EXTRACTED RECORDS >>

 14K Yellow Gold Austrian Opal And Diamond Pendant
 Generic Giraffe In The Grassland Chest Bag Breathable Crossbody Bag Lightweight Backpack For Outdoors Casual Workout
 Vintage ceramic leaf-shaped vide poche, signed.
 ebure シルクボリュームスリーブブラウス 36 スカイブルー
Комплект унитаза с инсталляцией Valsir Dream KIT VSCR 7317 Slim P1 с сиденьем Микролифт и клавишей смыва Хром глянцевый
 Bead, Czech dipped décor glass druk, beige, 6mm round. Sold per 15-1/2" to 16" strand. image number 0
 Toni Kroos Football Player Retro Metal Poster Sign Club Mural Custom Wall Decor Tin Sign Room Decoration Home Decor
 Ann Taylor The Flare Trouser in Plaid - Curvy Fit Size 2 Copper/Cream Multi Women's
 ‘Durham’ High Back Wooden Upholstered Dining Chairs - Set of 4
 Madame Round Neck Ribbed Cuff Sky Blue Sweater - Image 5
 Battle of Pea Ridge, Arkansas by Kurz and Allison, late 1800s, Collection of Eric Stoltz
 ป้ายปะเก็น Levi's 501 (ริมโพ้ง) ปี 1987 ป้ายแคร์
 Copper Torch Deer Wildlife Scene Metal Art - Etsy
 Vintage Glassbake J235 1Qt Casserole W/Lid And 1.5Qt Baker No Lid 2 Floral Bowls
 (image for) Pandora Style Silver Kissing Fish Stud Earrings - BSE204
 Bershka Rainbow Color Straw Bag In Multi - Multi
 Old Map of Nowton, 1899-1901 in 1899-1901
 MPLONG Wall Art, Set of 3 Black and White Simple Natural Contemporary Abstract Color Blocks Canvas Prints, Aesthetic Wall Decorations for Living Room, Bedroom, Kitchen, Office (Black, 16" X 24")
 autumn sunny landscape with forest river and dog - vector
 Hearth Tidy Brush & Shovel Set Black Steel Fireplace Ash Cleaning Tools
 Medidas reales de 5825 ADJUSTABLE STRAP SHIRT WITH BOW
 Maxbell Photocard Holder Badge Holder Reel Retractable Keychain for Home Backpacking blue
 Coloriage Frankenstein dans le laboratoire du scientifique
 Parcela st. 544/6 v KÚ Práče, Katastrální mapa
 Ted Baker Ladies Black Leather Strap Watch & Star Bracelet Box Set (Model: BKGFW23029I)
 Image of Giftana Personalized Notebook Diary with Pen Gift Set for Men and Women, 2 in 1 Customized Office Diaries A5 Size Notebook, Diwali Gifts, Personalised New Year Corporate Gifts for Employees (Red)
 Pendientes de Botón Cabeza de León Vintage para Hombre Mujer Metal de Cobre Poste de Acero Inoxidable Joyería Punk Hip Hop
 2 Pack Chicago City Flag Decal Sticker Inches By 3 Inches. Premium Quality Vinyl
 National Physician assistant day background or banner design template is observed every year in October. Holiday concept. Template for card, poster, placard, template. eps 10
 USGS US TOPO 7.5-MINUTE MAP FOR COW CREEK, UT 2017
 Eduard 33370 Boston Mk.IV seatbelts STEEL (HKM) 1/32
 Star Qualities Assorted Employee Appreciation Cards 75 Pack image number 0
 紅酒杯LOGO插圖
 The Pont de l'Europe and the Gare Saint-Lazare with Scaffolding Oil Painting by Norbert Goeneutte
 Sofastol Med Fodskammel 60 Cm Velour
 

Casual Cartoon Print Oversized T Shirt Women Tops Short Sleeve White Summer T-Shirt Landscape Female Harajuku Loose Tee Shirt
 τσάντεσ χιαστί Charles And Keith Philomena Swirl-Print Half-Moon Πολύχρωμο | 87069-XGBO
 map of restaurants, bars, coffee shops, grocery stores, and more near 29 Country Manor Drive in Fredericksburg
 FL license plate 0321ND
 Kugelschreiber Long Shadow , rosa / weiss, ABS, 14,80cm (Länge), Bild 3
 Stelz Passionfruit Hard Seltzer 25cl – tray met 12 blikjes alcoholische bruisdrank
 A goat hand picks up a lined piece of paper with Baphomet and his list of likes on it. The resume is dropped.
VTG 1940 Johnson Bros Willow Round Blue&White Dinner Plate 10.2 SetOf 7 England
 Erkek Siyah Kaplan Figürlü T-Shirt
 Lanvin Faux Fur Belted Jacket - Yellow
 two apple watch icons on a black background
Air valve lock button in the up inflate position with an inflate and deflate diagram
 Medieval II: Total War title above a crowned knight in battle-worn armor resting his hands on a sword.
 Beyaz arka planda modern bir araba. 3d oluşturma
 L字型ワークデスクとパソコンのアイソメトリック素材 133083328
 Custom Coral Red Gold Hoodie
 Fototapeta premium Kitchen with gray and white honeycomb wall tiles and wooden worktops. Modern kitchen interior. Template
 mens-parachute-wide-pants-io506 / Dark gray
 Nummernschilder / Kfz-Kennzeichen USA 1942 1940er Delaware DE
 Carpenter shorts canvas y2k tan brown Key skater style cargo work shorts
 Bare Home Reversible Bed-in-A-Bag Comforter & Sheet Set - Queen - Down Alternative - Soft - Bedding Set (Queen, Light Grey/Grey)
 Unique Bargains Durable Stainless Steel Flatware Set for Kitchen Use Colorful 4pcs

INSTRUCTIONS TO FOLLOW >> What is needed is an exact transcription of every entry above.

SOLUTION FOR THIS EXERCISE >>
 14K Yellow Gold Austrian Opal And Diamond Pendant
 Generic Giraffe In The Grassland Chest Bag Breathable Crossbody Bag Lightweight Backpack For Outdoors Casual Workout
 Vintage ceramic leaf-shaped vide poche, signed.
 ebure シルクボリュームスリーブブラウス 36 スカイブルー
Комплект унитаза с инсталляцией Valsir Dream KIT VSCR 7317 Slim P1 с сиденьем Микролифт и клавишей смыва Хром глянцевый
 Bead, Czech dipped décor glass druk, beige, 6mm round. Sold per 15-1/2" to 16" strand. image number 0
 Toni Kroos Football Player Retro Metal Poster Sign Club Mural Custom Wall Decor Tin Sign Room Decoration Home Decor
 Ann Taylor The Flare Trouser in Plaid - Curvy Fit Size 2 Copper/Cream Multi Women's
 ‘Durham’ High Back Wooden Upholstered Dining Chairs - Set of 4
 Madame Round Neck Ribbed Cuff Sky Blue Sweater - Image 5
 Battle of Pea Ridge, Arkansas by Kurz and Allison, late 1800s, Collection of Eric Stoltz
 ป้ายปะเก็น Levi's 501 (ริมโพ้ง) ปี 1987 ป้ายแคร์
 Copper Torch Deer Wildlife Scene Metal Art - Etsy
 Vintage Glassbake J235 1Qt Casserole W/Lid And 1.5Qt Baker No Lid 2 Floral Bowls
 (image for) Pandora Style Silver Kissing Fish Stud Earrings - BSE204
 Bershka Rainbow Color Straw Bag In Multi - Multi
 Old Map of Nowton, 1899-1901 in 1899-1901
 MPLONG Wall Art, Set of 3 Black and White Simple Natural Contemporary Abstract Color Blocks Canvas Prints, Aesthetic Wall Decorations for Living Room, Bedroom, Kitchen, Office (Black, 16" X 24")
 autumn sunny landscape with forest river and dog - vector
 Hearth Tidy Brush & Shovel Set Black Steel Fireplace Ash Cleaning Tools
 Medidas reales de 5825 ADJUSTABLE STRAP SHIRT WITH BOW
 Maxbell Photocard Holder Badge Holder Reel Retractable Keychain for Home Backpacking blue
 Coloriage Frankenstein dans le laboratoire du scientifique
 Parcela st. 544/6 v KÚ Práče, Katastrální mapa
 Ted Baker Ladies Black Leather Strap Watch & Star Bracelet Box Set (Model: BKGFW23029I)
 Image of Giftana Personalized Notebook Diary with Pen Gift Set for Men and Women, 2 in 1 Customized Office Diaries A5 Size Notebook, Diwali Gifts, Personalised New Year Corporate Gifts for Employees (Red)
 Pendientes de Botón Cabeza de León Vintage para Hombre Mujer Metal de Cobre Poste de Acero Inoxidable Joyería Punk Hip Hop
 2 Pack Chicago City Flag Decal Sticker Inches By 3 Inches. Premium Quality Vinyl
 National Physician assistant day background or banner design template is observed every year in October. Holiday concept. Template for card, poster, placard, template. eps 10
 USGS US TOPO 7.5-MINUTE MAP FOR COW CREEK, UT 2017
 Eduard 33370 Boston Mk.IV seatbelts STEEL (HKM) 1/32
 Star Qualities Assorted Employee Appreciation Cards 75 Pack image number 0
 紅酒杯LOGO插圖
 The Pont de l'Europe and the Gare Saint-Lazare with Scaffolding Oil Painting by Norbert Goeneutte
 Sofastol Med Fodskammel 60 Cm Velour
 

Casual Cartoon Print Oversized T Shirt Women Tops Short Sleeve White Summer T-Shirt Landscape Female Harajuku Loose Tee Shirt
 τσάντεσ χιαστί Charles And Keith Philomena Swirl-Print Half-Moon Πολύχρωμο | 87069-XGBO
 map of restaurants, bars, coffee shops, grocery stores, and more near 29 Country Manor Drive in Fredericksburg
 FL license plate 0321ND
 Kugelschreiber Long Shadow , rosa / weiss, ABS, 14,80cm (Länge), Bild 3
 Stelz Passionfruit Hard Seltzer 25cl – tray met 12 blikjes alcoholische bruisdrank
 A goat hand picks up a lined piece of paper with Baphomet and his list of likes on it. The resume is dropped.
VTG 1940 Johnson Bros Willow Round Blue&White Dinner Plate 10.2 SetOf 7 England
 Erkek Siyah Kaplan Figürlü T-Shirt
 Lanvin Faux Fur Belted Jacket - Yellow
 two apple watch icons on a black background
Air valve lock button in the up inflate position with an inflate and deflate diagram
 Medieval II: Total War title above a crowned knight in battle-worn armor resting his hands on a sword.
 Beyaz arka planda modern bir araba. 3d oluşturma
 L字型ワークデスクとパソコンのアイソメトリック素材 133083328
 Custom Coral Red Gold Hoodie
 Fototapeta premium Kitchen with gray and white honeycomb wall tiles and wooden worktops. Modern kitchen interior. Template
 mens-parachute-wide-pants-io506 / Dark gray
 Nummernschilder / Kfz-Kennzeichen USA 1942 1940er Delaware DE
 Carpenter shorts canvas y2k tan brown Key skater style cargo work shorts
 Bare Home Reversible Bed-in-A-Bag Comforter & Sheet Set - Queen - Down Alternative - Soft - Bedding Set (Queen, Light Grey/Grey)
 Unique Bargains Durable Stainless Steel Flatware Set for Kitchen Use Colorful 4pcs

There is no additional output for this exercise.